Adversarial Continuous Learning on Unsupervised Domain Adaptation

In this paper,

  • We propose a novel method: adversarial continuous learning in unsupervised domain adaptation (ACDA). The proposed ACDA model adversarially learns high confidence examples from the target domain and confuses the domain discriminator;

  • We are the first to propose a deep correlation loss to help ensure that predictions are locally consistent (with those of nearby examples);

  • To better represent the learned features and train a robust classifier, we dynamically align both marginal and conditional distributions of source and target domains in a two-level domain alignment setting.

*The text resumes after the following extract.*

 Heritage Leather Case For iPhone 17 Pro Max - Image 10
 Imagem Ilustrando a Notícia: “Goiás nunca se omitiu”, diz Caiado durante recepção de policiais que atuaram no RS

The scheme of our proposed adversarial continuous learning in unsupervised domain adaptation (ACDA) model. It combines continuous learning and adversarial learning in a two-round classification framework. Initially, the shared encoder will learn a mapping from source images to target images and fool the domain discriminator (which attempts to distinguish examples from source versus target domains). In the second round, the shared encoder will be trained with a new training set which contains the original source images and confidence transfer examples from the target domain, resulting in an improved mapping. The yellow circle marks confident transfer examples.

Model

The architecture of our proposed ACDA model. We first extract features from both source and target domains via $G$. In first round classification, the shared encoder layers are trained with examples from the labeled source domain and the unlabeled target domain. In the second round, the shared encoder layers are trained with additional high-confidence transfer examples with labels from the first round classifier in the target domain. The domain alignment loss reduces the difference of the marginal and conditional distributions between source and target domains. The red outline highlights the shared layers for both classifier $f$ and domain discriminator $D$. $\mathcal{Y_S}_{pred}$ and $\mathcal{Y_T}_{pred}$ are the predicted labels of the source and target domains after performing domain distribution alignment.

Results

Conclusion

We propose novel adversarial continuous learning in unsupervised domain adaptation (termed ACDA) to overcome limitations in generating proper transfer examples and aligning the joint distributions of two domains by minimizing five loss functions. The generated transfer examples can help to further learn the domain invariant of the two domains. As a component of our ACDA model, explicit domain-invariant features are learned through such a cross-domain training scheme. Experiments on three benchmark datasets show the robustness of our proposed ACDA model.